So if you say write a book and make it Creative Commons non-commercial and someone uses your work, can you legally bind them to cite your name and a notice if the book is changed from the original?
1 Answer
Citation is a concept from academia. Failing to cite the source of an idea or fact may be considered plagiarism, but plagiarism has nothing to do with copyright. Copyright does not protect ideas or facts, only the specific words (or images, sounds, etc.) used to convey those ideas or facts. Consequently, there is no license that can convert an act of plagiarism into a copyright violation. Plagiarism must instead be handled within the academic system (for example, by reporting the incident to an academic integrity committee in the case of student coursework, to the editor-in-chief in the case of academic publications, etc.). Plagiarism does carry consequences, but those consequences will (probably) not be litigated in a court of law, and copyright licenses are not the proper mechanism for applying them.
Having said all of that, you mention "if the book is changed from the original," which suggests copying of text and not just facts or ideas. In this case, it depends on which Creative Commons license is used. To avoid making this answer excessively long, I will only describe the rules under version 4.0 of each license. You can consult the legal code of prior versions yourself.
- In the case of any non-commercial Creative Commons license, the reuse must not be "primarily intended for or directed towards commercial advantage or monetary compensation." See this wiki page for more information about what this clause means and how it works.
- Non-commercial licenses are generally off-topic on Open Source, but the provisions you are asking about (regarding modified versions and attribution notices) are also present in CC-BY and CC-BY-SA, which are on-topic. Anything I say about their NC counterparts also applies to them, with the obvious exception of the NC clause itself.

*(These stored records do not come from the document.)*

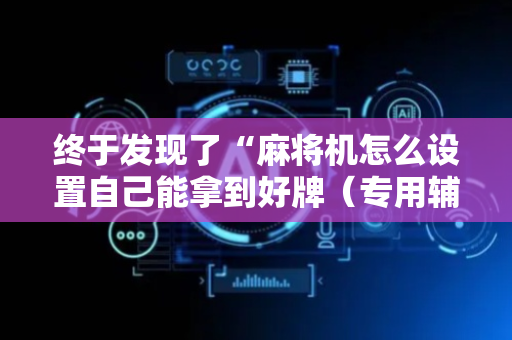 终于发现了“麻将机怎么设置自己能拿到好牌（专用辅牌神器免安装）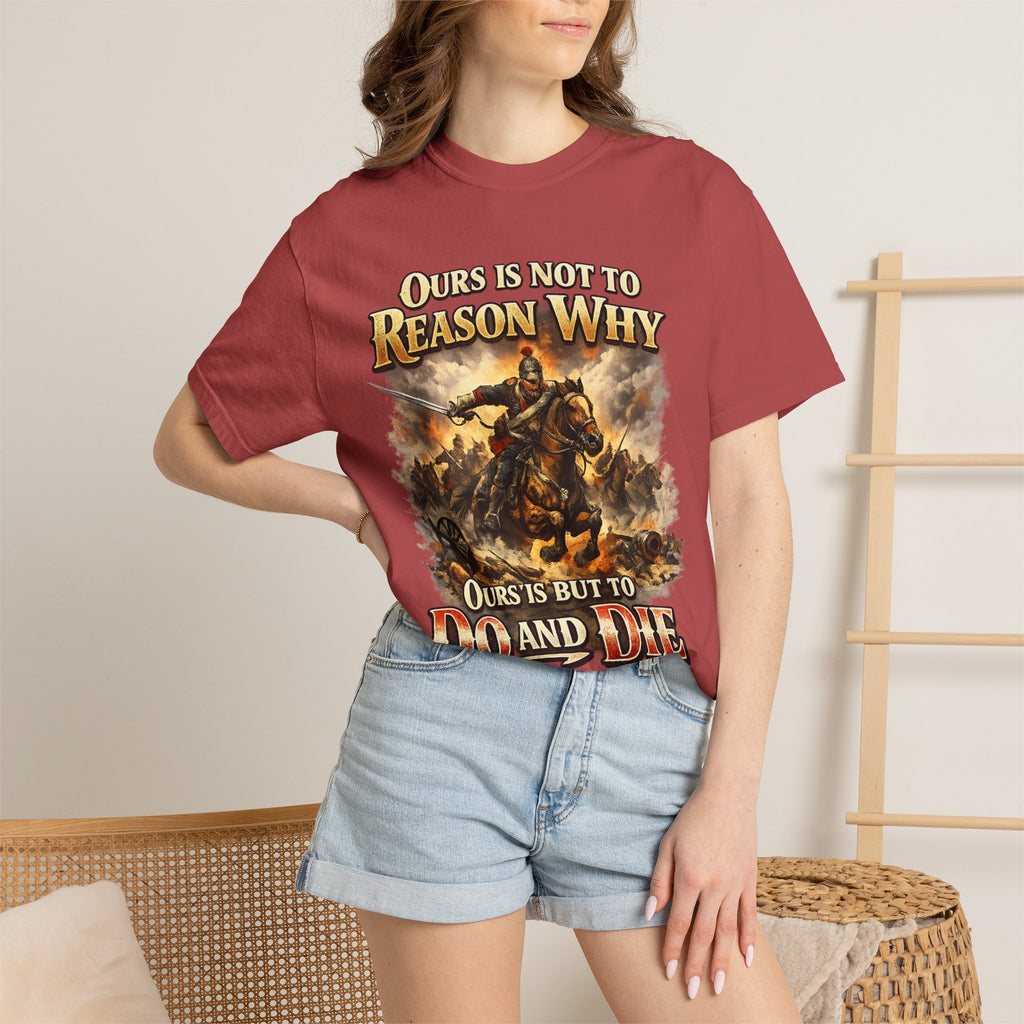 Battlefield Quote T-Shirt — "Ours Is Not To Reason Why, Ours Is But To Do And Die"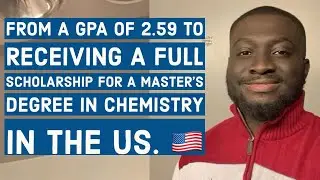How I secured a fully funded scholarship with a 2.59 GPA to pursue MA in Chemistry 🇬🇭🇺🇸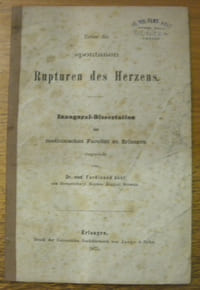 Ueber die spontanen Rupturen des Herzens. Inaugural-Dissertation der medicinischen Fakultät zu Erlangen.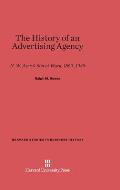 The History of an Advertising Agency: N. W. Ayer & Sons at Work, 1869-1949, Revised Edition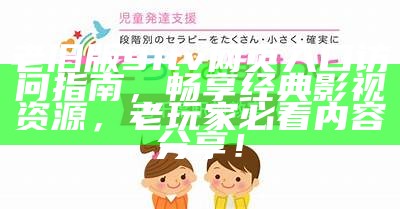 老旧版91tv网页入口访问指南，畅享经典影视资源，老玩家必看内容分享！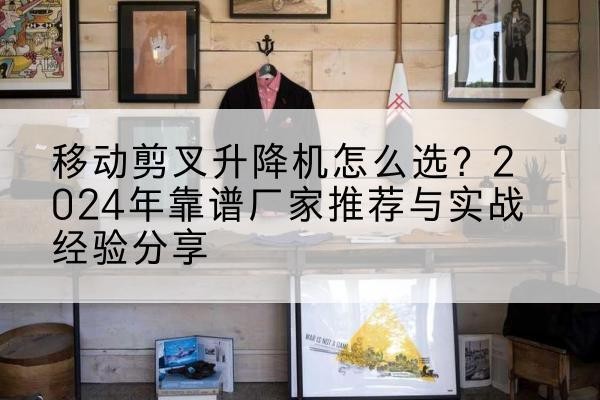菏泽升降平台厂家推荐-移动剪叉升降机怎么选?2024年靠谱厂家推荐与实战经验分享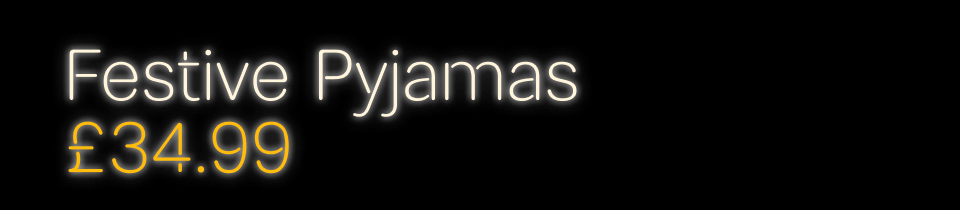 Festive Pyjamas £34.99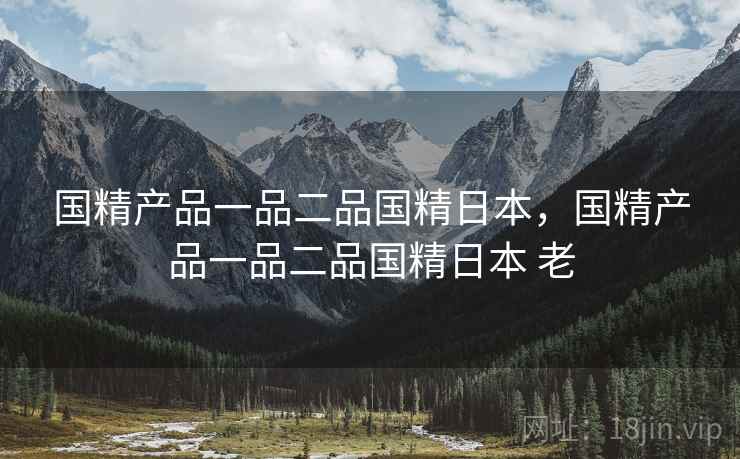 国精产品一品二品国精日本，国精产品一品二品国精日本 老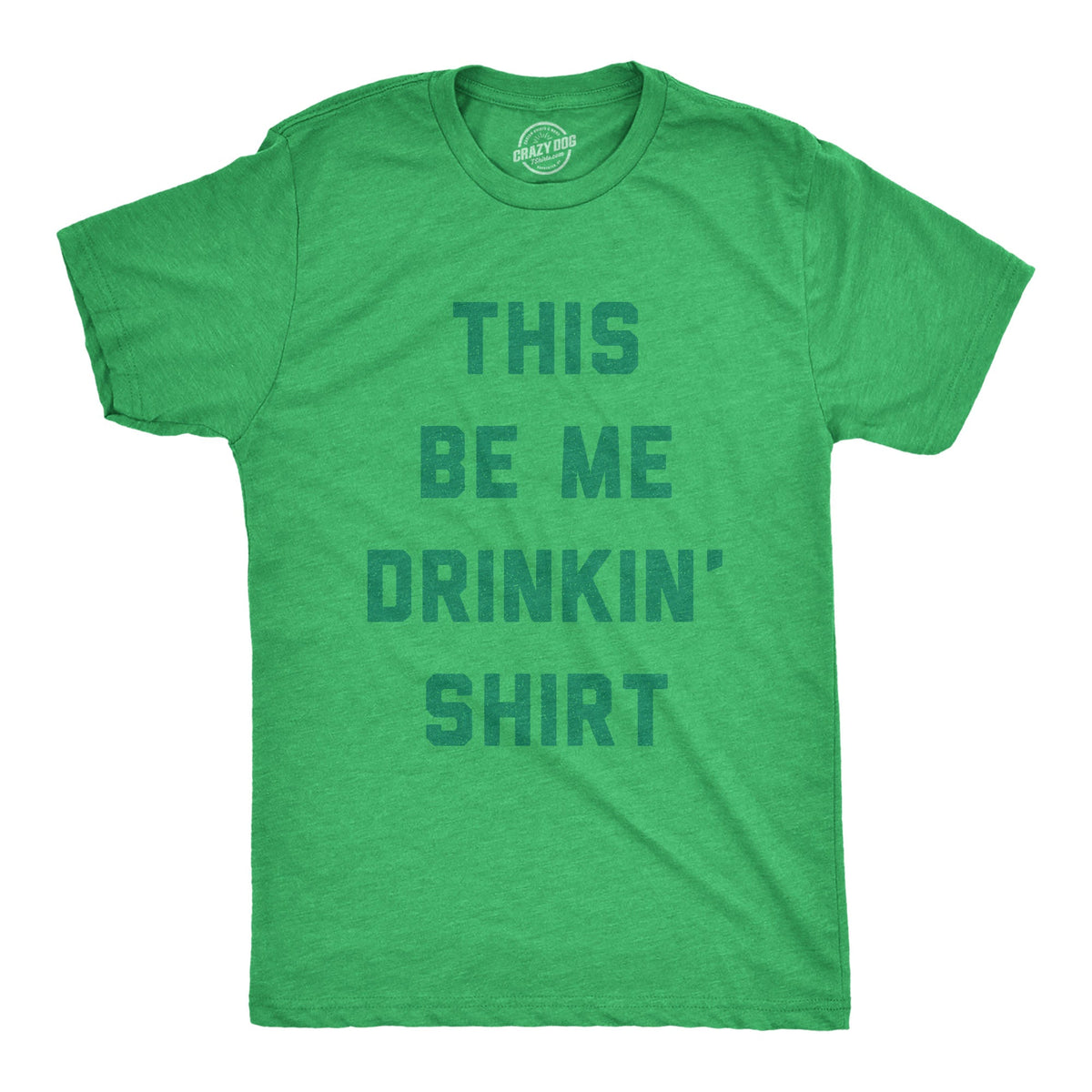 This Be Me Drinkin Shirt Men's T Shirt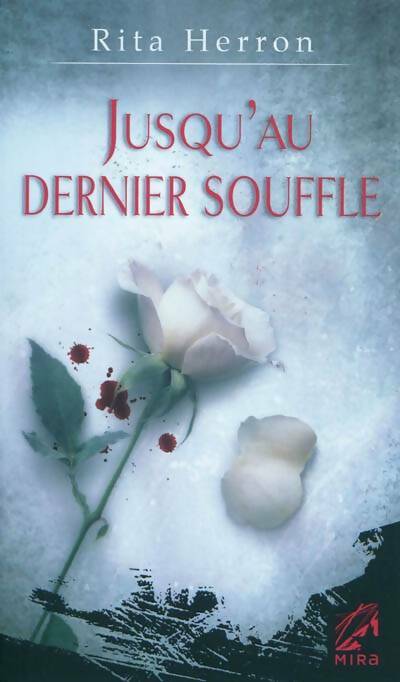 Livrenpoche : Jusqu'au dernier souffle - Rita Herron - Livre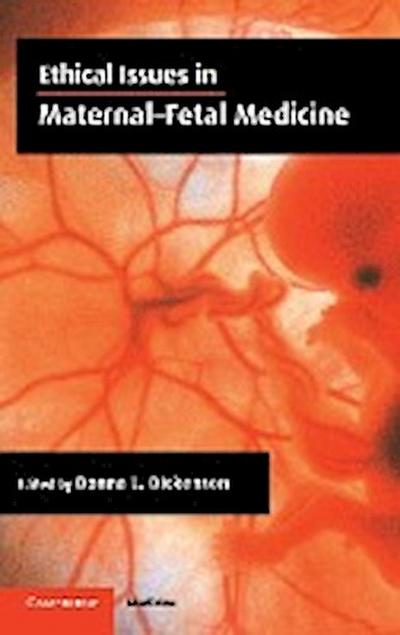 Ethical Issues in Maternal-Fetal Medicine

- All Creative Commons licenses (that are still in use and updated for 4.0, except as noted below) allow verbatim copying and redistribution for (at least) non-commercial purposes, require a notice of attribution, require the reuser to remove attribution notices upon request from the original author "to the extent reasonably practicable," and require a notice of modification (if modification is allowed at all).
- The licenses do not allow the licensor to specify the exact format or structure of these notices. The licensee must include certain specified elements in the notices, but may otherwise comply "in any reasonable manner based on the medium, means, and context in which You Share the Licensed Material."
- The Sampling license, which was never updated for 4.0, did not give permission to make and distribute verbatim copies. The Sampling+ license, also never updated, was roughly equivalent to a dual license of the Sampling license plus CC-BY-NC-ND. There were also variants of all licenses which omitted the attribution requirement. Creative Commons no longer recommends using any of these licenses.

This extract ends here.